The CEO as Head of Product, SVPG, 2010
Dharmesh Shah is CTO of HubSpot. The company has thousands of employees, billions in revenue, and a product organisation staffed with experienced product managers at every level. Shah has zero direct reports. He has no product roadmap. He rejected the management path entirely and instead exerts product influence as an individual contributor — building internal tools, prototyping features, and shipping products that emerge from his own technical intuition rather than from a planning process. At a Business of Software talk, he described how this makes "executives, management, sales teams, and the board and other people uncomfortable."[1]
Shah can get away with this because he has the founder authority and financial independence to ignore organisational convention. Most CTOs cannot. But his instinct — that the CTO is inherently a product thinker, not just a technical executor — is correct. The question this chapter addresses is what happens when that instinct meets the reality of a growing company that eventually needs dedicated product leadership: when you are both the person who decides what to build and the person responsible for how it gets built, how do you manage both without doing either badly — and how do you know when it’s time to hand one of them to someone else?
You Are Product
At startups with fewer than about twenty people, there is usually no product manager. The CTO and CEO together set the roadmap — the CTO through technical intuition about what is possible, the CEO through market intuition about what is needed. Marty Cagan, whose Silicon Valley Product Group has shaped how an entire generation thinks about product management, is explicit about this: "In an early stage startup, the product manager role is most appropriately played by the CEO or one of the founders."[2]
This means the CTO is making product decisions constantly — what to build, what to defer, what to kill — while also being responsible for how it gets built. The dual role is a feature of the stage, not a personal failing. Karl Hughes, CTO of The Graide Network, describes the experience directly: "In my current role I lead both product and technology, which has been a stretch, but learning new things is the norm at startups."[3] Lauren Mosenthal, CTO and Head of Product at Glassbreakers, found enough interest to start a peer roundtable for CTOs wearing both hats in the Bay Area — evidence that the experience is widespread enough to sustain a community but unnamed enough that nobody had organised one before.[4]
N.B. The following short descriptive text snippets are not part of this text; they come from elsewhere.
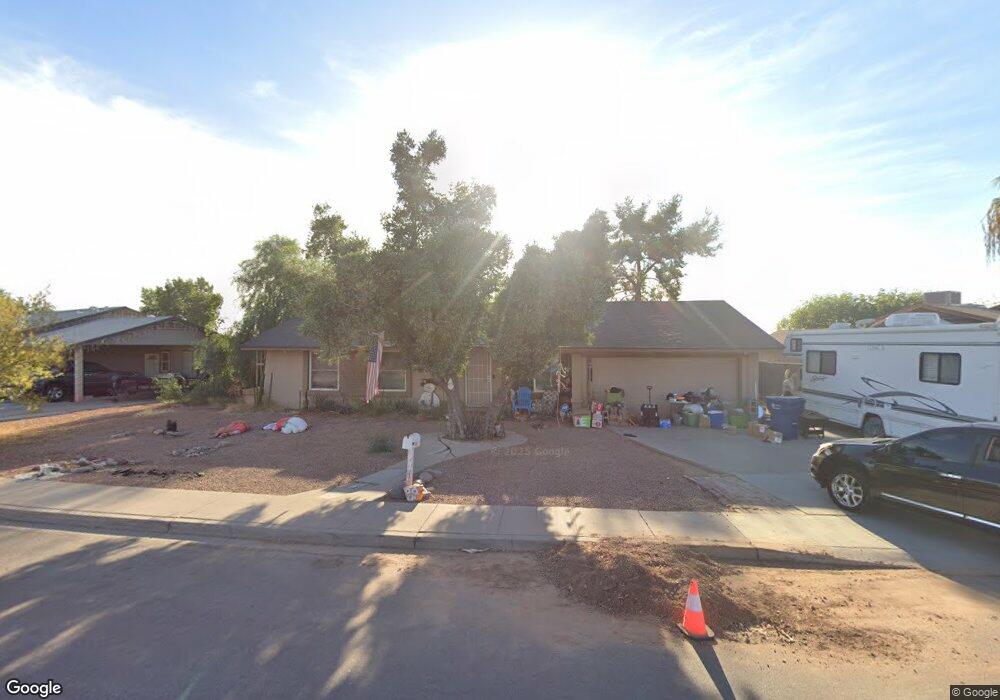 2624 E Commonwealth Cir, Chandler, AZ 85225 - photo 1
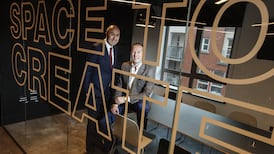 Hibernia Reit deal makes 21,000sq ft of office space available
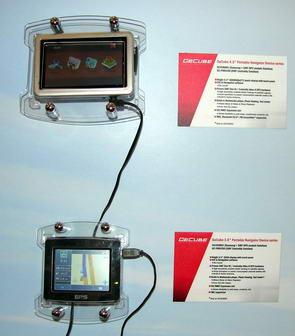 CeBIT 2008: Неизданное, фото 29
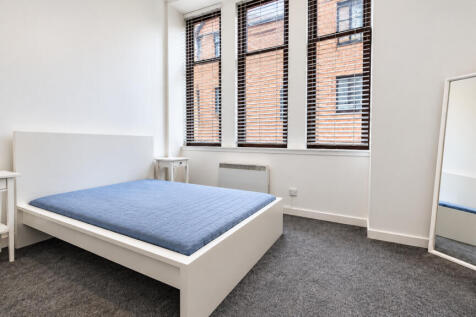 Renfield Street, Renfrew Chambers, Glasgow, Glasgow City, G2 3AU photo 4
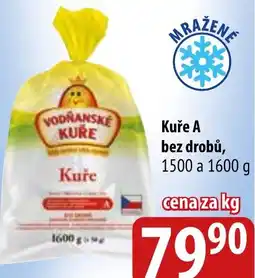 Bala Kuře A bez drobů nabídka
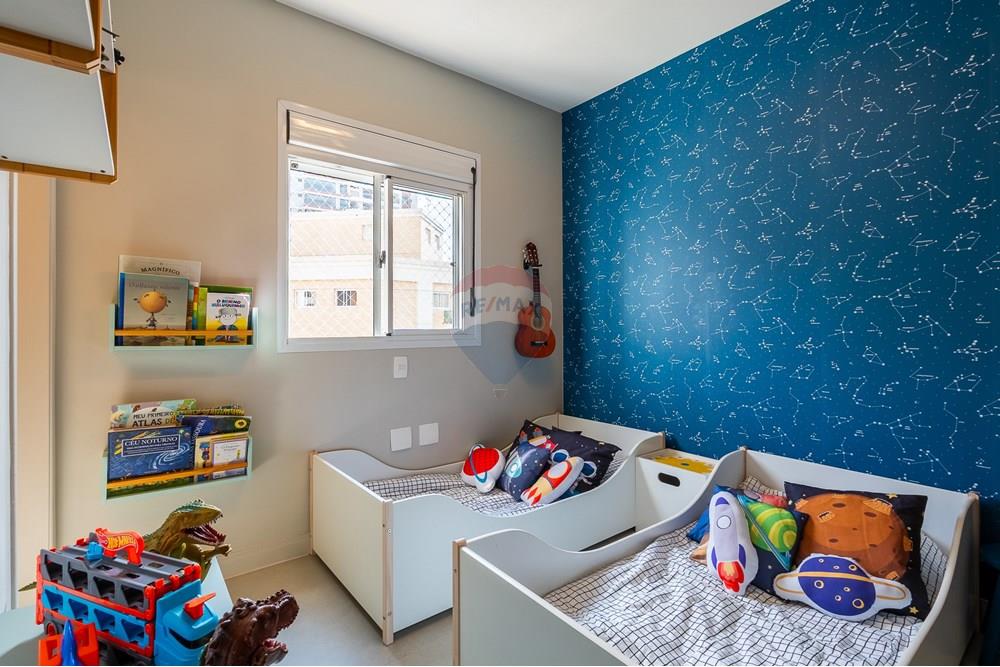 Apartamento - Venda - São Paulo , São Paulo - 41_AP.jpg - 601471007-77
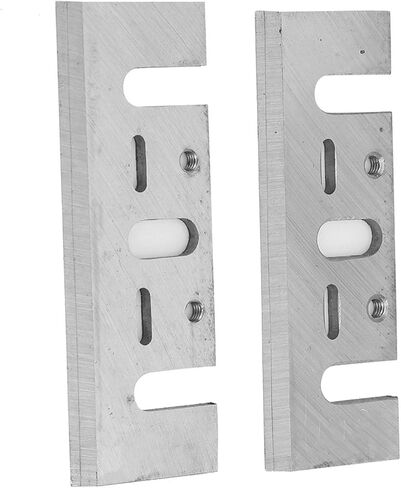 Keenso Premium Quality HSS Planner Vane/Wing Replacement for MaklTA 1900b Electric Pleer for Woodworking Enthusiasts in Saudi Arabia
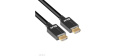 Club3D Kabel Ultra Rychlý HDMI™ Certifikovaný, 4K 120Hz, 8K60Hz, 48Gbps M/M, 3m, 28 AWG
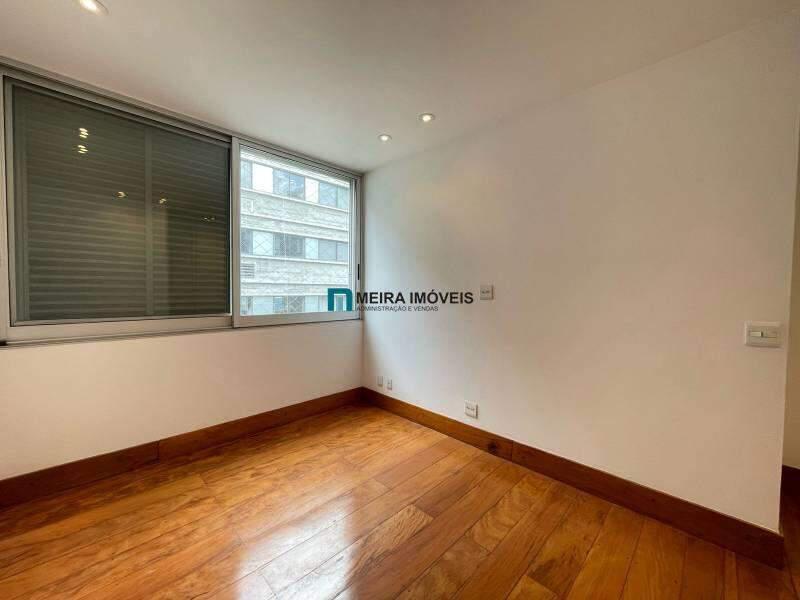 Cobertura, Savassi, 4 Quartos, 3 Vagas, 2 Suítes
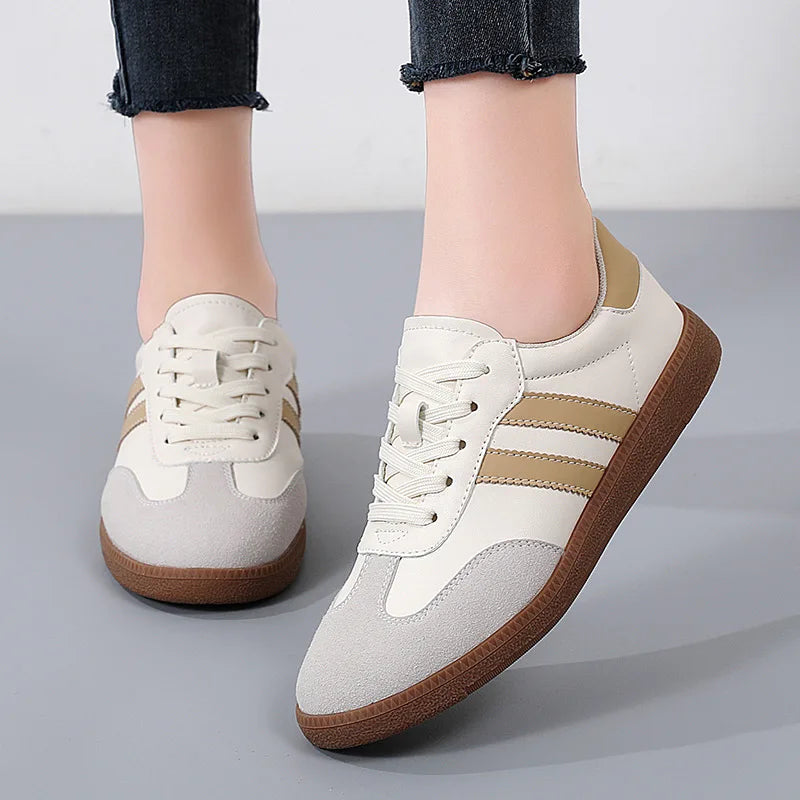 Women's Sneakers Fashion Woman Casual Shoes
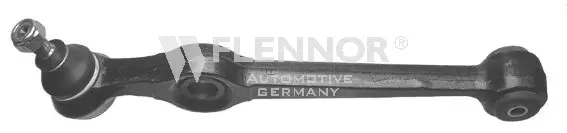 Control/Trailing Arm, wheel suspension (FL959-F)
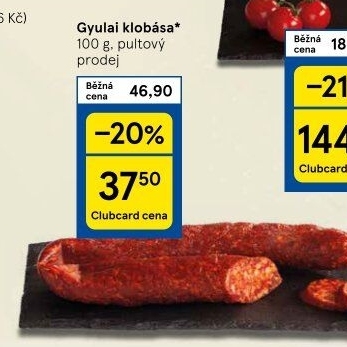 Klobása Gyulai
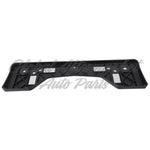 LICENSE PLATE BRACKET FR LTD — photo 5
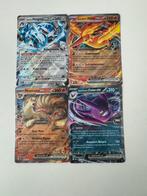 Destined rivals (DRI ENG) ex hits, Hobby en Vrije tijd, Verzamelkaartspellen | Pokémon, Ophalen of Verzenden, Zo goed als nieuw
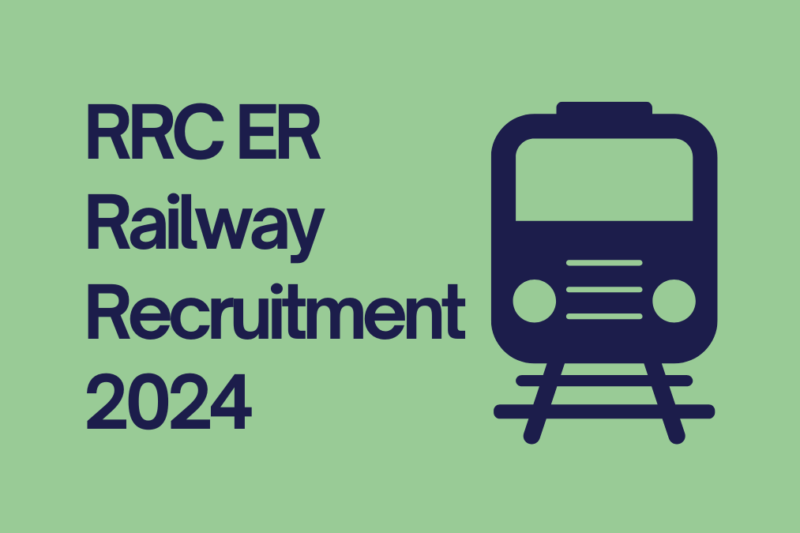 Unlock Your Dream Career: RRC ER Railway Recruitment 2024 – Apply Now!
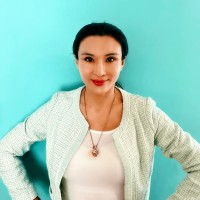 curaJOY Employee Caitlyn Wang's profile photo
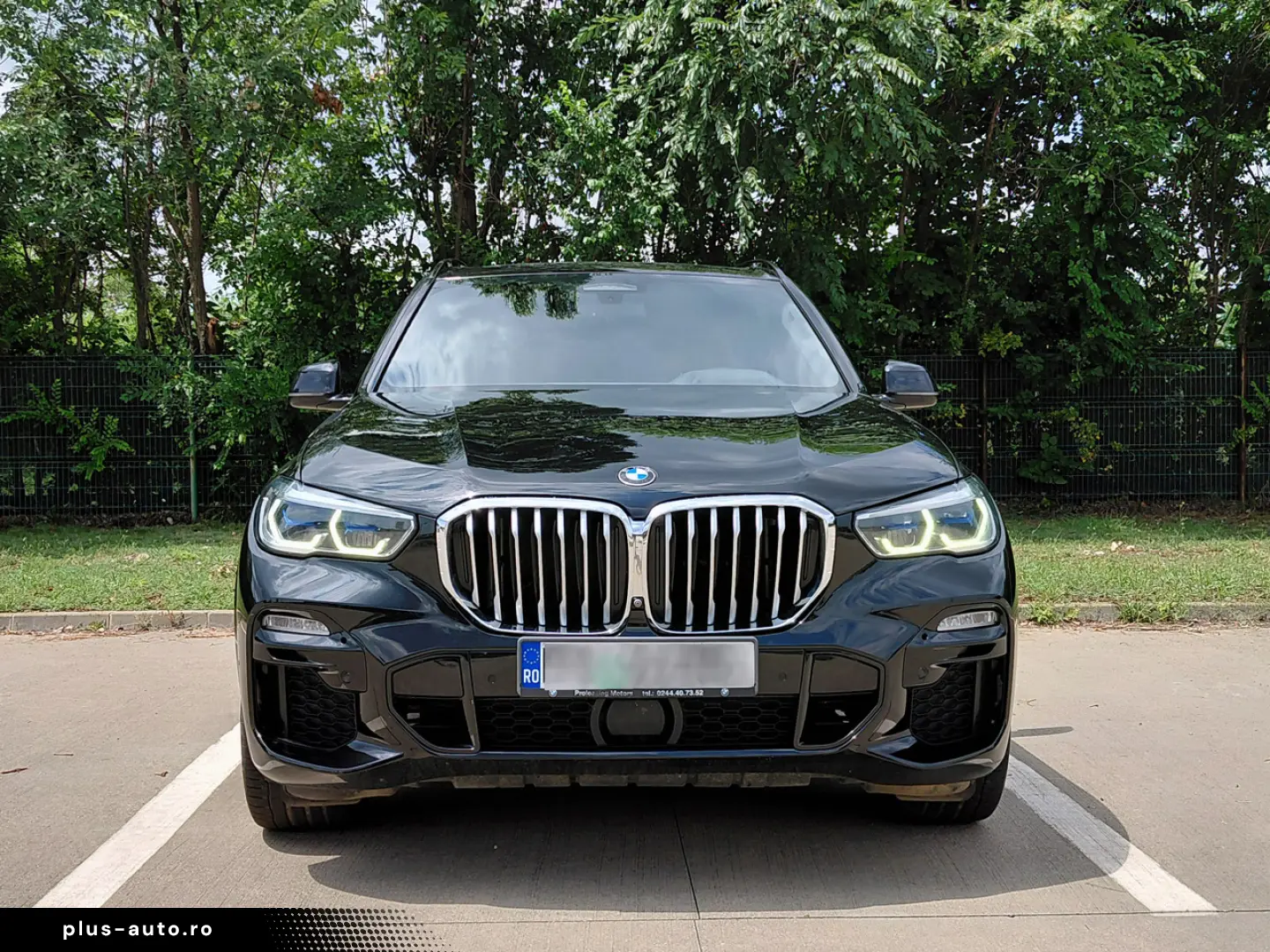 BMW X5 xDrive30d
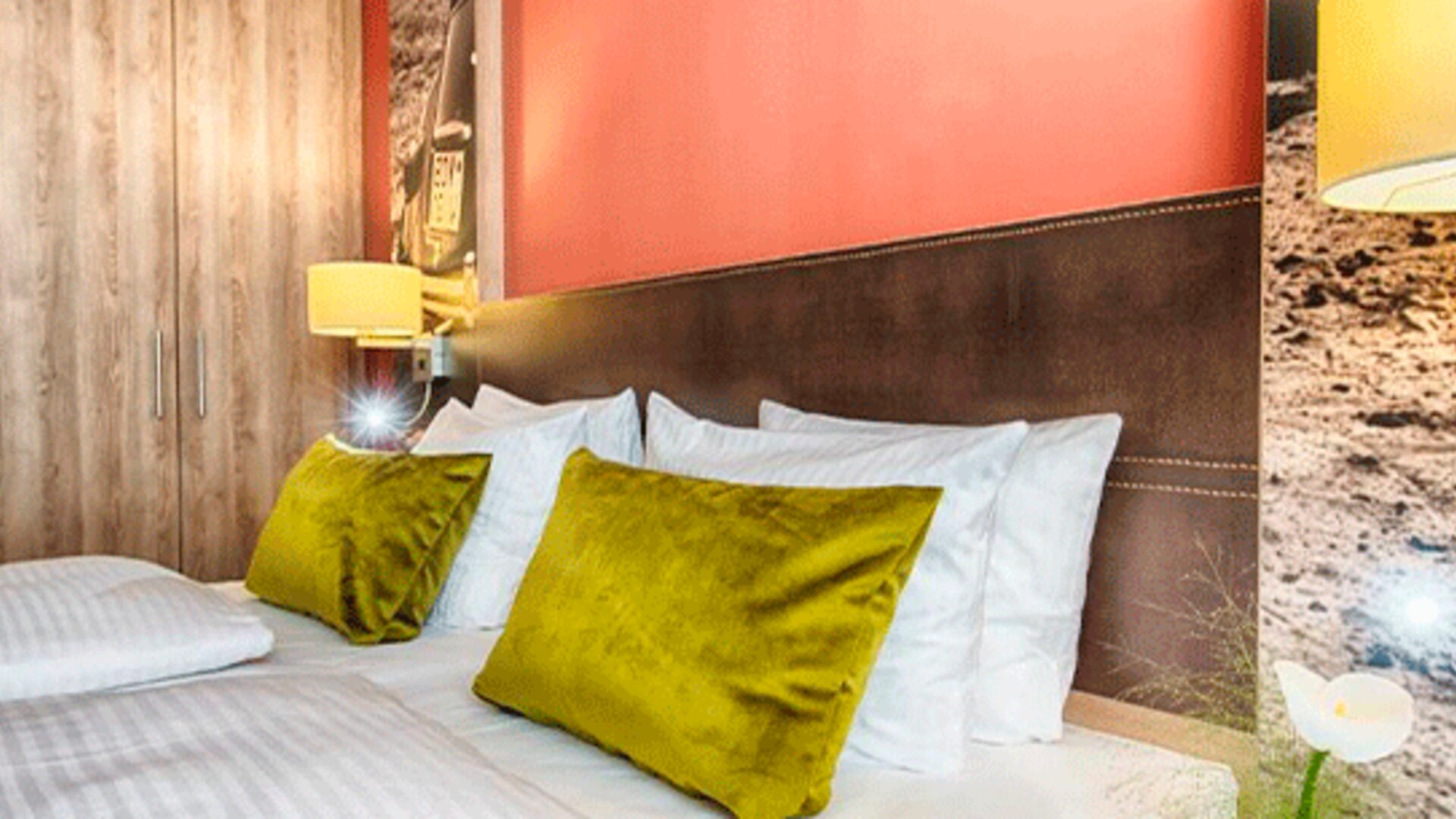 Leonardo Hotel Wolfsburg City Center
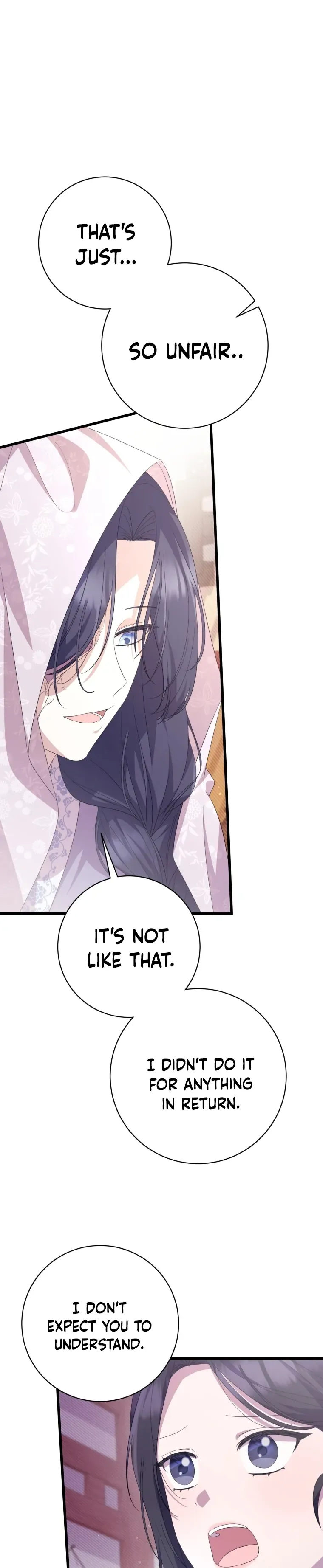 Daytime Moon Chapter 8 page 3 - 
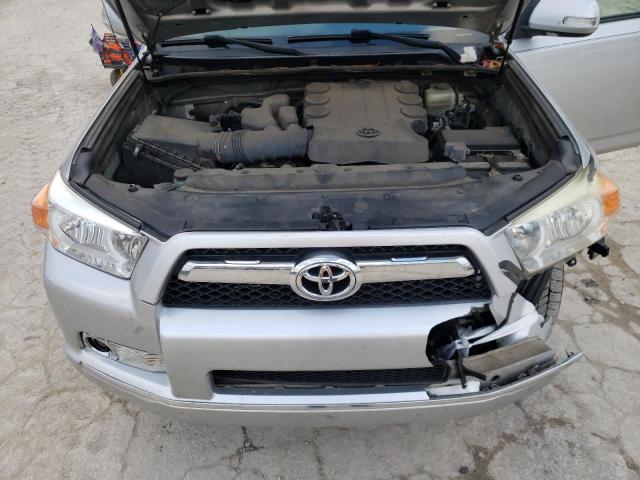 Photo 11 VIN: JTEBU5JR4B5076054 - TOYOTA 4RUNNER 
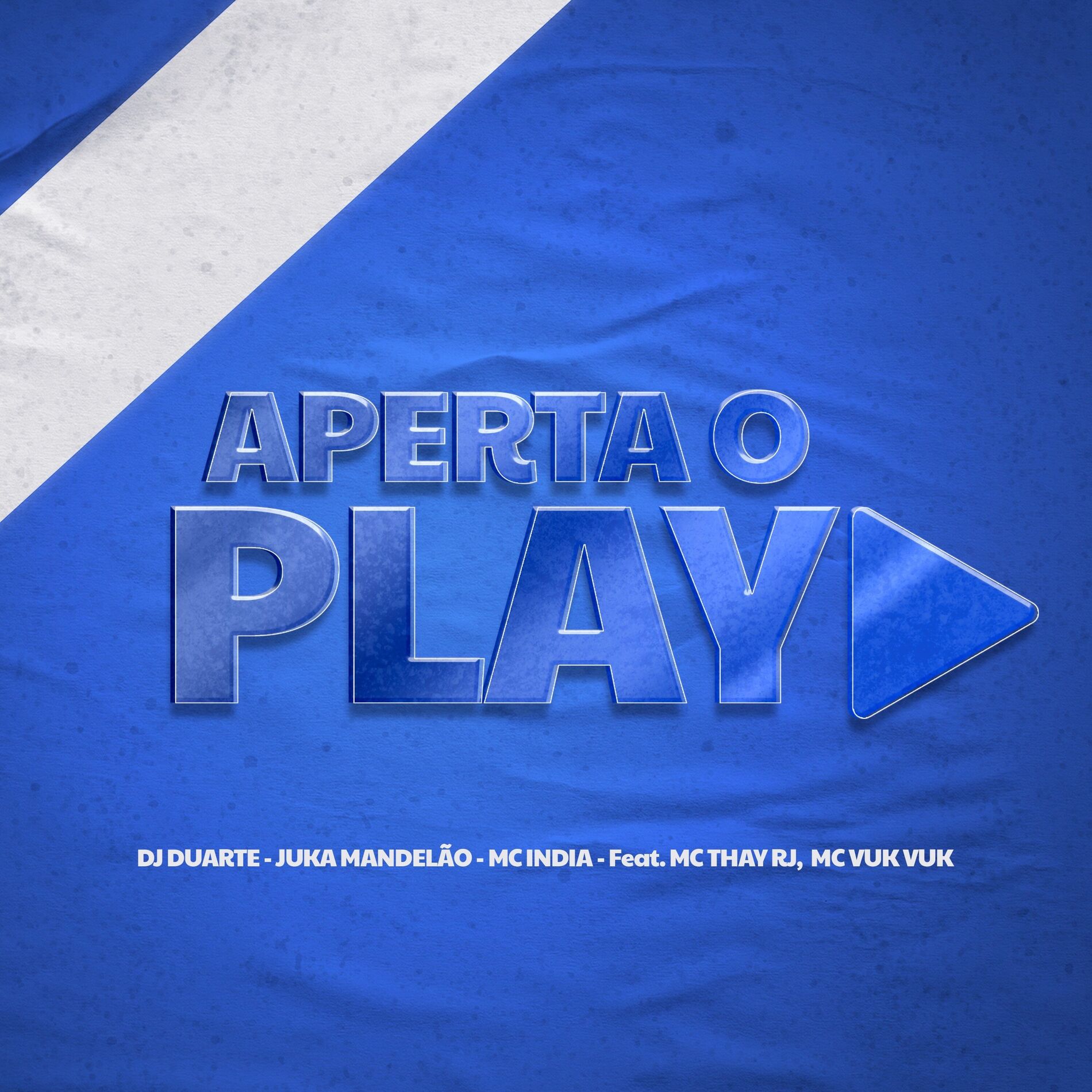 Album cover of Aperta o Play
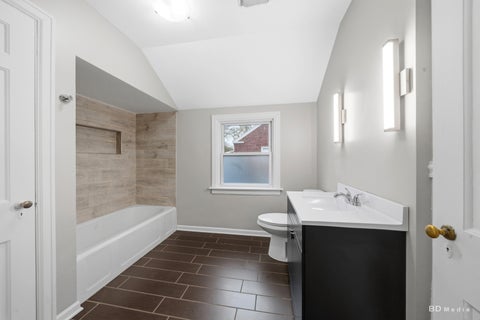 Tiny photo for 1115 Campbell Avenue, Chicago Heights, IL 60411 (MLS # 12698067)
Camille Fournier, former CTO of Rent the Runway, frames the underlying tension precisely: "The CTO must protect the technology team from becoming a pure execution arm for ideas without tending to its own needs and its own ideas."[5] The CTO who wears the product hat is simultaneously the person generating the ideas and the person protecting the team from being overwhelmed by them. The tension is productive — it forces the CTO to evaluate every feature request against both desirability and feasibility in real time, with no handoff delay — but it is also exhausting. Peadar Coyle, a startup CTO who has written about the experience, is candid: "I’m personally skeptical of a CTO also wearing the head of product hat — it means that one person is juggling a lot of responsibility simultaneously."[6]
The scepticism is warranted but misses the point. The CTO at a seed-stage startup is not choosing to wear the product hat. They are wearing it because there is no one else. The question is not whether to do the job. The question is how to do it well — and the answer, for technical founders, is not a specification document.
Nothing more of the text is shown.